(Task description) Would you write out the lines below exactly, from the one containing "Round Hill Hotel" to the very last, but without the pictures?
[[ Exercise material open ]]
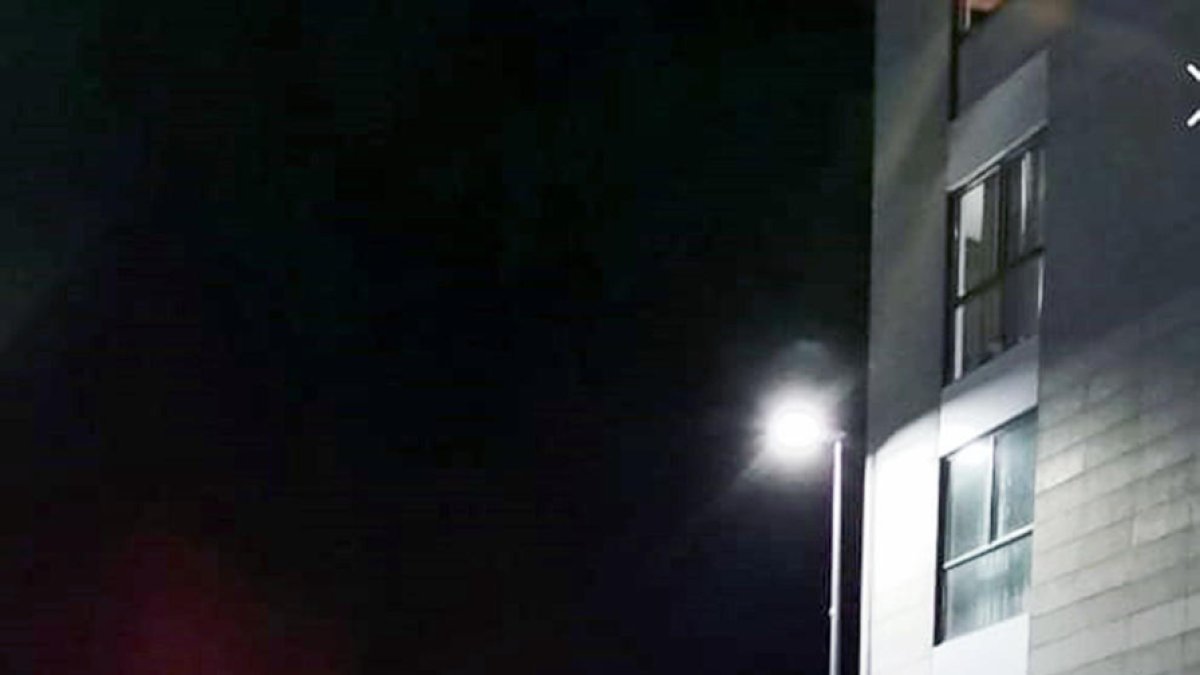 Uns segons fatídics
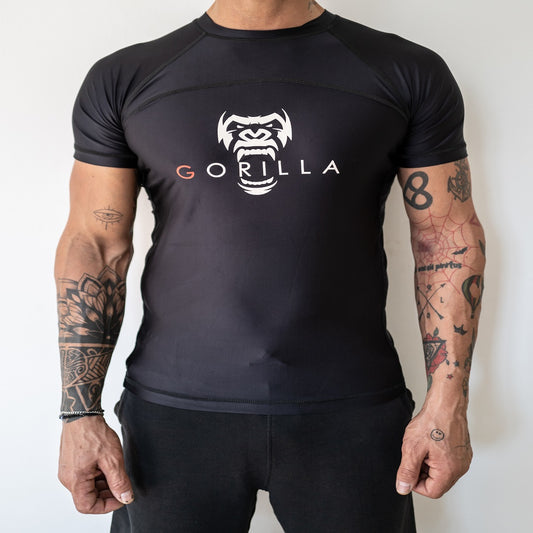 Rash Guard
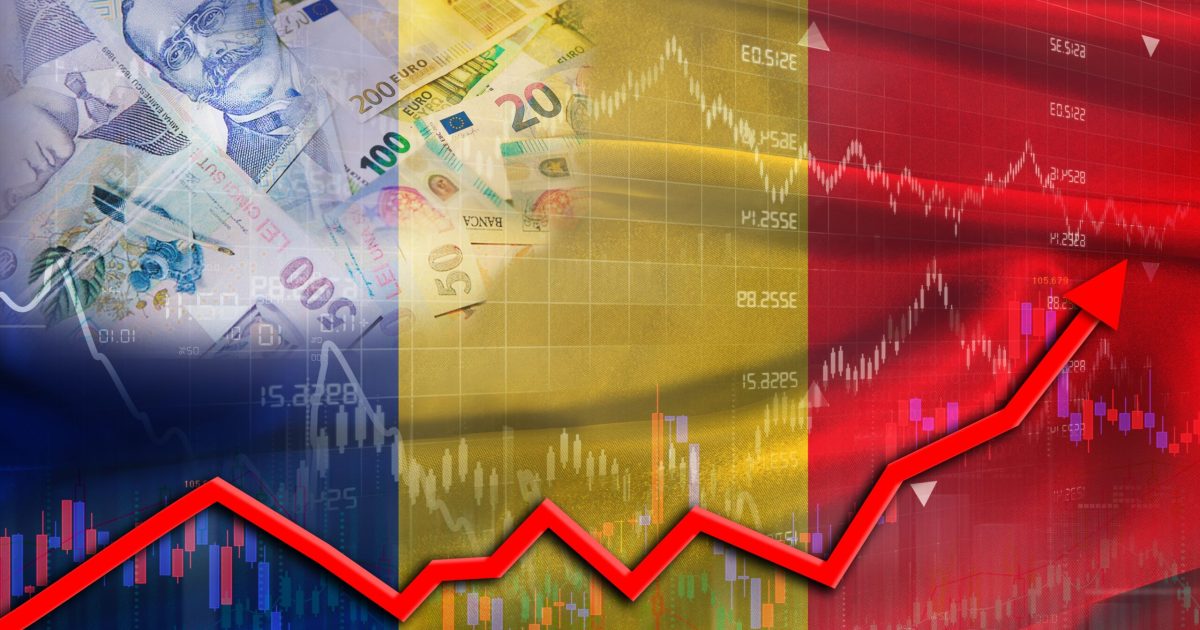 România, „campioană” la inflație în UE: Ce măsuri ia Guvernul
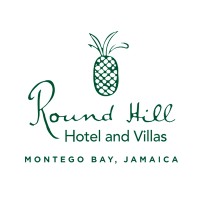 Round Hill Hotel and Villas logo - Similar company to Tryall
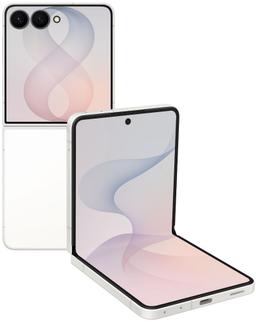 Refurbished Galaxy Z Flip8 - Reebelo Ireland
[[ Exercise material closed ]]
(Answer for this exercise)
 Round Hill Hotel and Villas logo - Similar company to Tryall
 Refurbished Galaxy Z Flip8 - Reebelo Ireland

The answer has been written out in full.